TAKING STOCK : Global travel boom: An opportunity
Rakesh Wadhwa
Kathmandu:
Shalini and I recently returned from a trip to the US and UK. We had first hand experience of the boom taking place in travel worldwide. People are travelling as never before. New York was full and so was London. To get a room in Manhattan, we had to use all our contacts and
persuasive skills. In London as we stayed with Shalini’s sister, we were spared the torment of finding accommodation. Shalini attended her nephew’s graduation ceremony at Wharton in Philadelphia and all that she could find in that US city was a single suite for one night which she, her sister and sister’s husband shared. I joined them later in New York flying in from Las Vegas. I have never before seen Vegas so crowded in the May heat. It had yet another mega hotel casino — the $2.7 billion, 2,716 rooms ‘Wynn’ — open its doors and yet it caused no room vacancies. Vegas is well set to achieve yet another year of its hotel occupancies exceeding 90 per cent. The Vegas airport was full of people eating, drinking, gambling at the slot machines, and generally having a good time. However, the massive movement of people had a downside. The lines at the airport security seemed interminable; the result of a severe shortage of US federal government’s security screeners who had to check each passenger prior to boarding. Some of their actions seemed inexplicable: old people in wheelchairs — and I saw this first hand — were asked to get up and were searched more thoroughly than the rest of us. This delayed everyone.
I would have thought that this was exceptional, but for what Dinesh D’Souza, a speaker at the ‘Freedom Fest’ conference I attended in Las Vegas, had told us, “checking old invalids thoroughly was typical behaviour of federal agents at airports”. Though Dinesh was defending US actions he too was aghast at airport security spending time in intrusively searching old ladies, while an Al Quaeda member would probably get in with a cursory check. One of the hijackers who perished alongwith his victims on 9/11 was sent a visa renewal letter by the US immigration authorities - the press had revealed this much to the embarrassment of the US government. George Bush had wanted private agencies handling the airport security. They would have done a better, faster job at half the cost. However this was shot down by the US Congress in favour of government employees doing the work. The airport at London was worse. We had to stand in a line for two hours to clear immigration. Their fast track service was closed. The immigration counters just did not have adequate staff. Incidentally, the customs officials were also absent.
Mercifully, both in the US and UK there were no immigration checks when departing. The queues we experience in Nepal and India while leaving, were absent in both these countries. The authorities there coordinate with the airlines who give the information regarding an alien’s departure to the government. Why can’t we in Nepal do the same? If immigration controls on entry cannot be dispensed with, why not end checking by authorities at departure?
The airlines can verify passports at the time of check-in and pass on the departure information to the government. The manpower thus saved could be utilised to expand the number of manned immigration counters at TIA’s arrival area thus minimizing delays.

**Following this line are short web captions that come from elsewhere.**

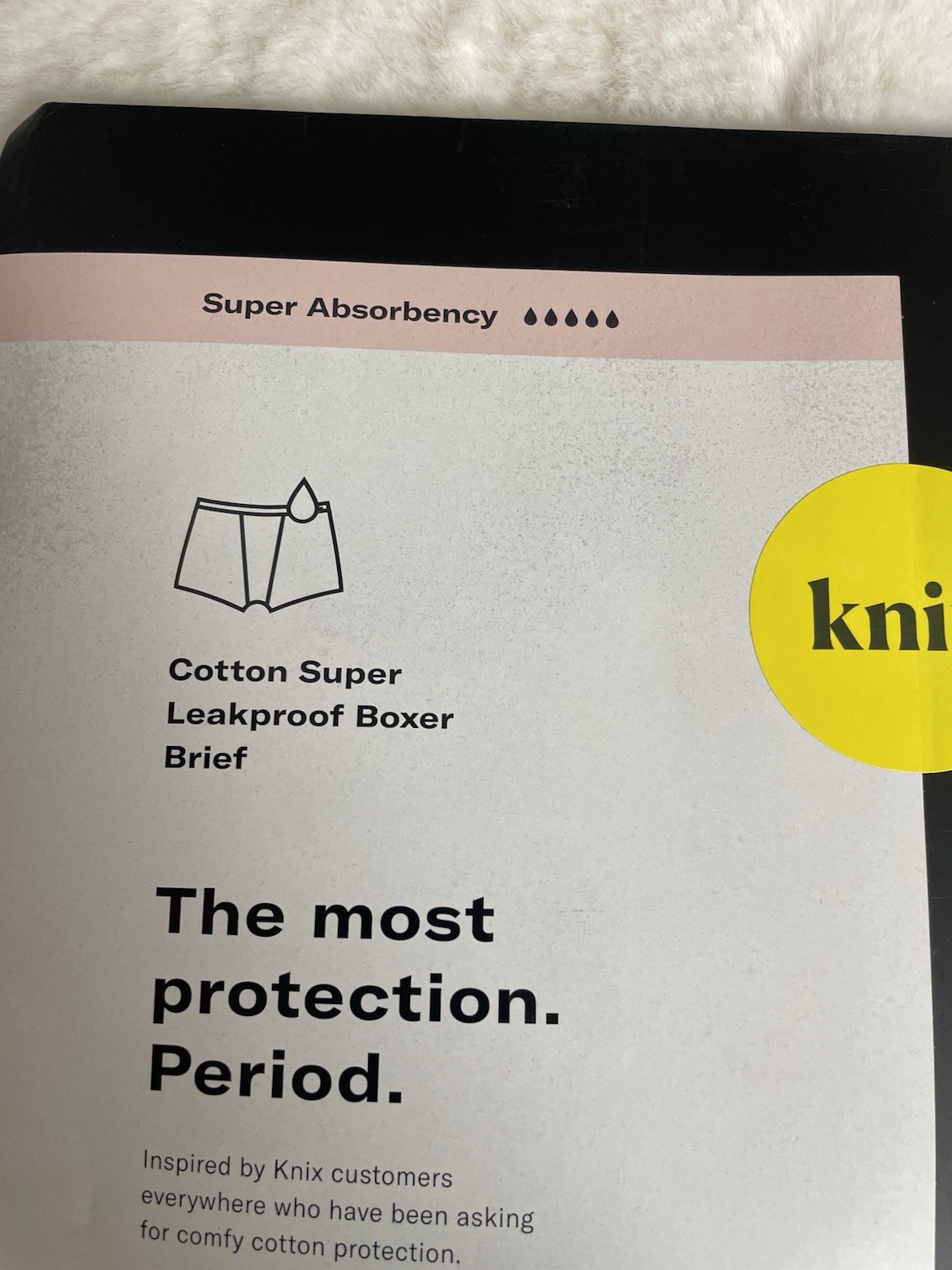 Knix Cotton Super Leakproof Period Boxer Brief Panties Black L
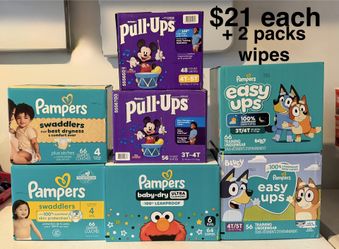 Pampers, PullUps and Easy Ups—Each case comes with 2 baby wipes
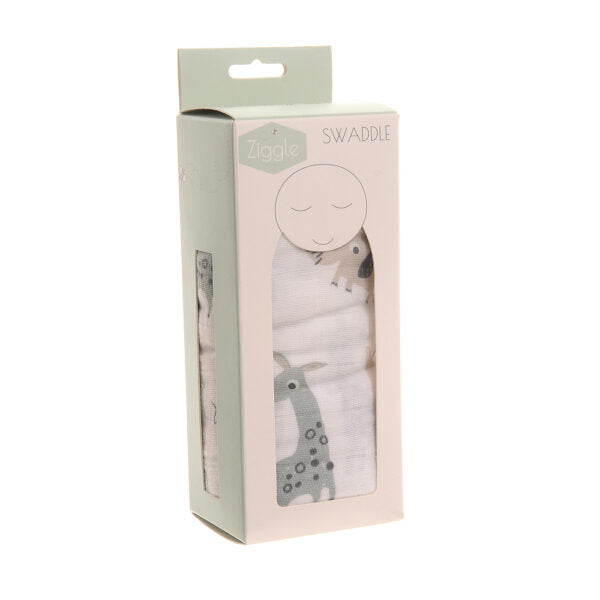 Ziggle- Giraffe & Elephant Swaddle- Baby at the bank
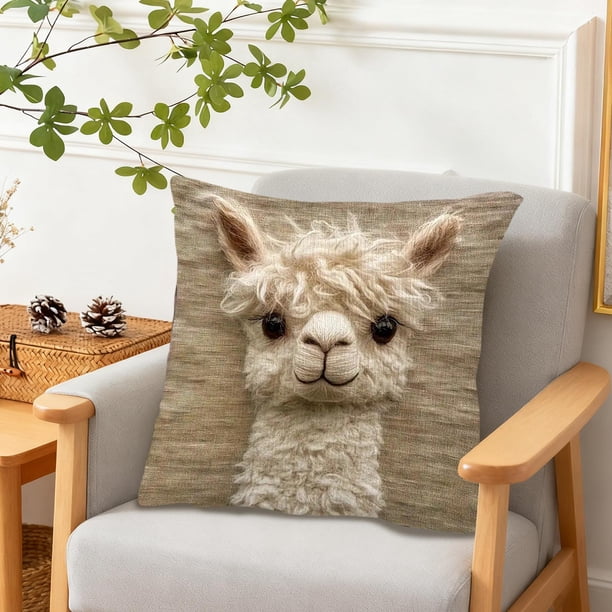 Juego de cojines con estampado de animales adorables para dormitorio, sala de estar o sofá (45x45 cm). Funda de almohada de tela de lino.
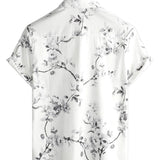 Weißes Hawaiihemd für Herren mit Blumenmotiv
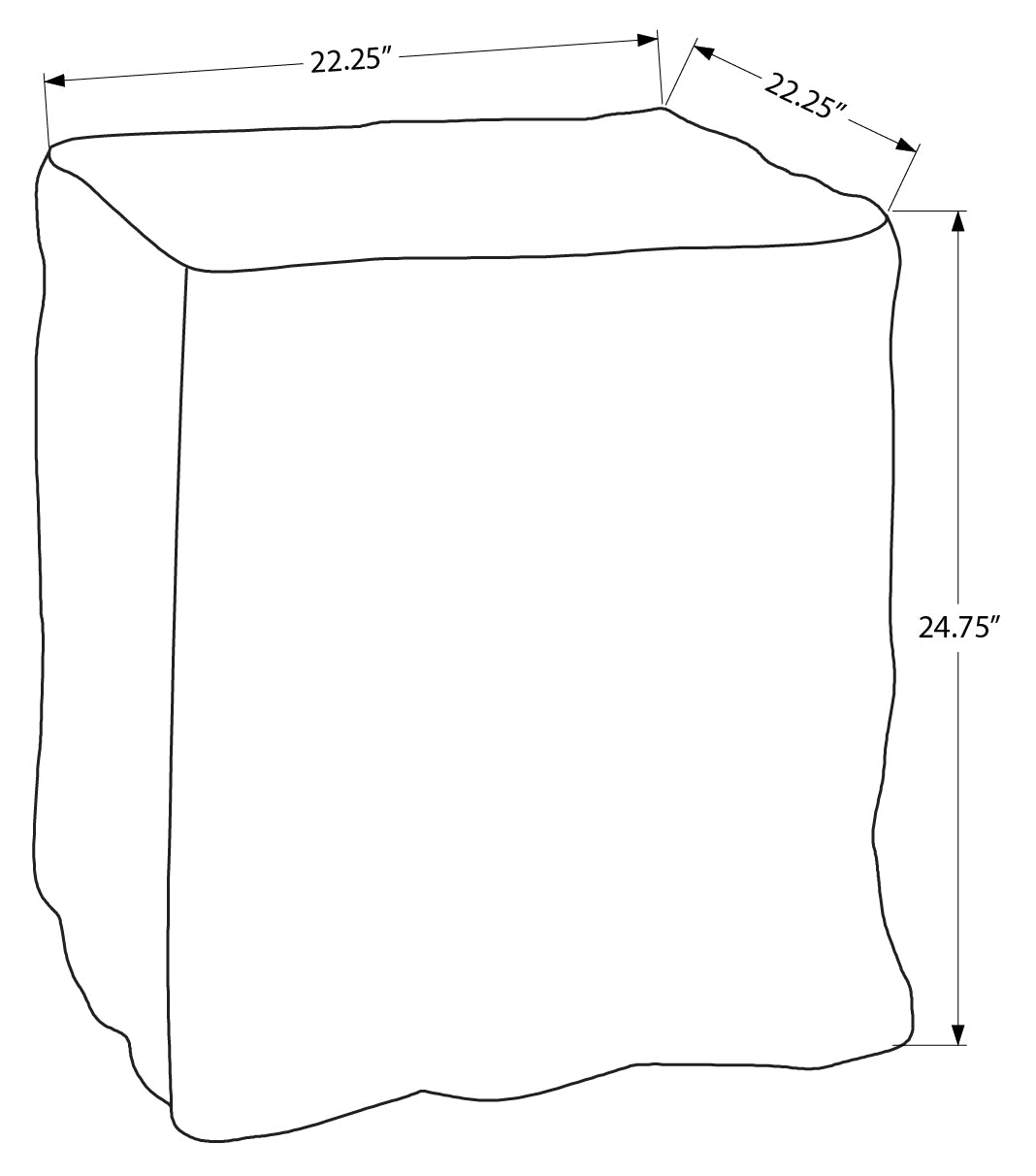 TABLE D'APPOINT - 25"H / INTERIEUR OU EXTERIEUR GRIS – I 4110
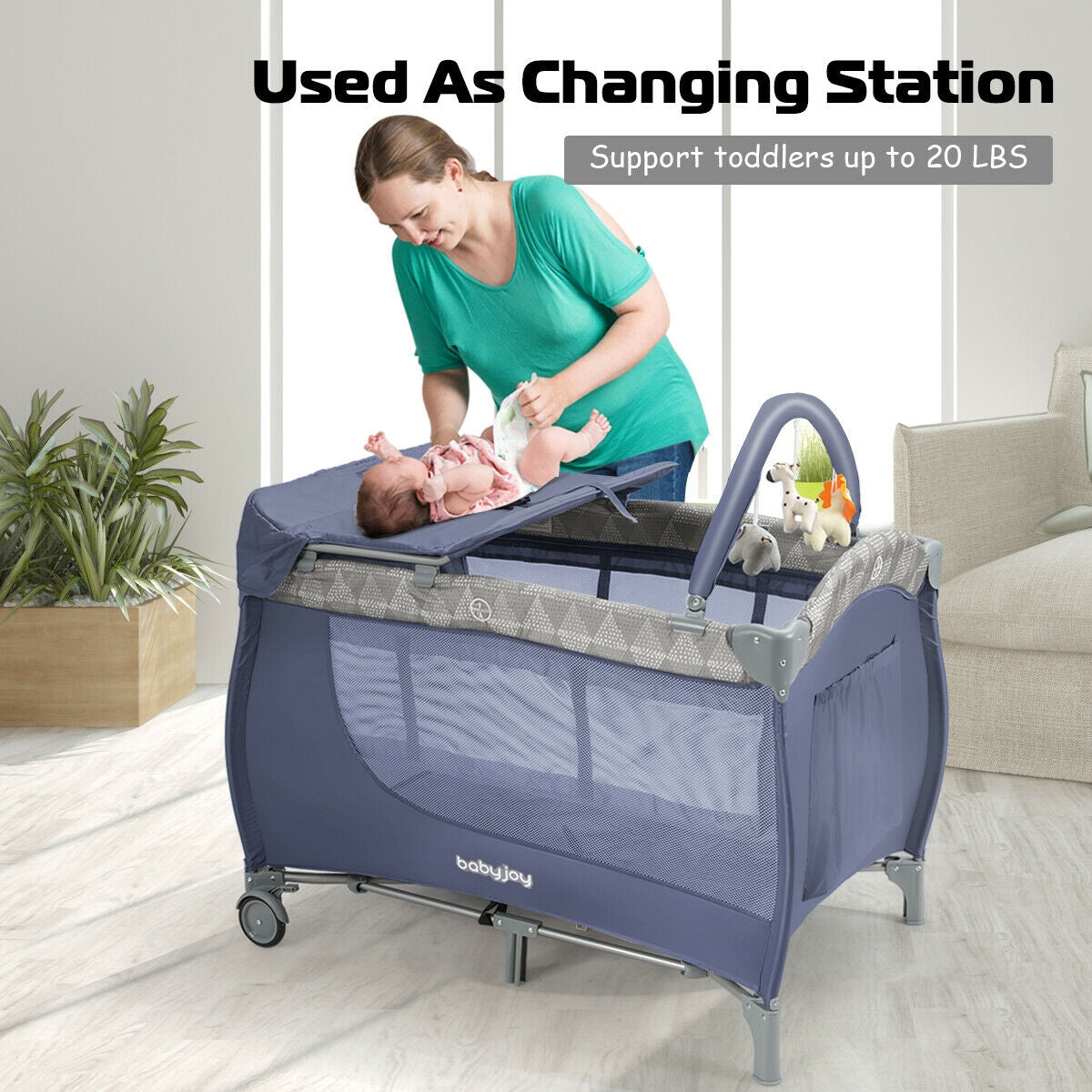 Foldable Safety  Baby Playard for Toddler Infant with Changing Station-Gray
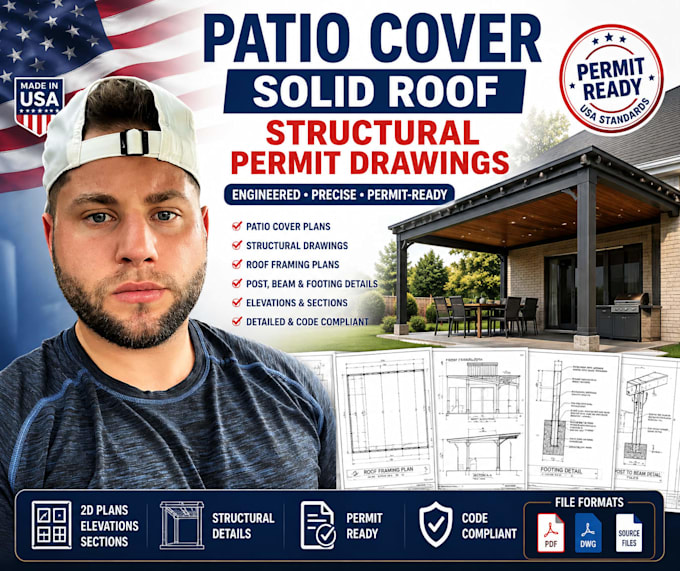 create patio cover solid roof structural permit drawings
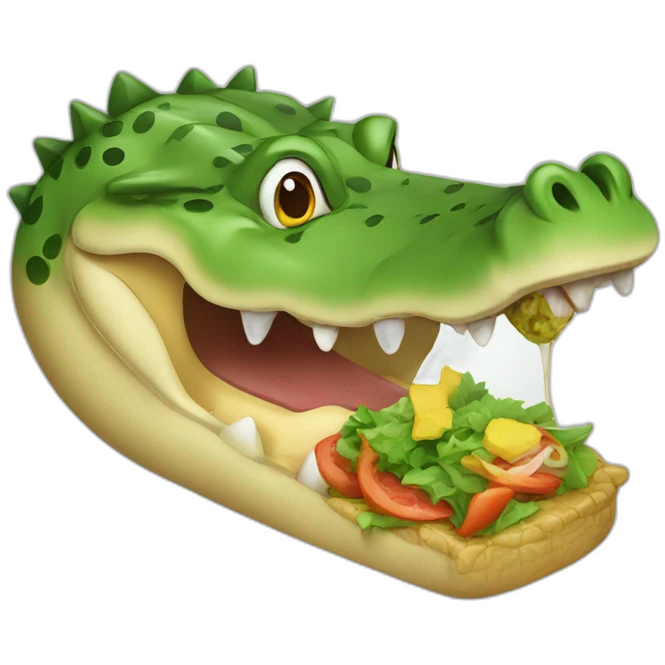crocodile eating lunch emoji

Another positive for the visitor to the US and UK is their simple and short immigration forms. I especially love the UK form. It is a third of the size of the Nepal form, and does not even require you to enter your passport number, immigration officers just scan the passports presented to them. Nepal too should reduce immigration hurdles, install scanners, end checks at departure and change its arrival form with its plethora of unfriendly conditions which include requiring visitors to report to police stations. The UK arrival card has no conditions frightening those who enter it. Along with these measures, Nepal must privatise its airports, open its skies and improve security to encash on the opportunity presented by the boom in worldwide travel.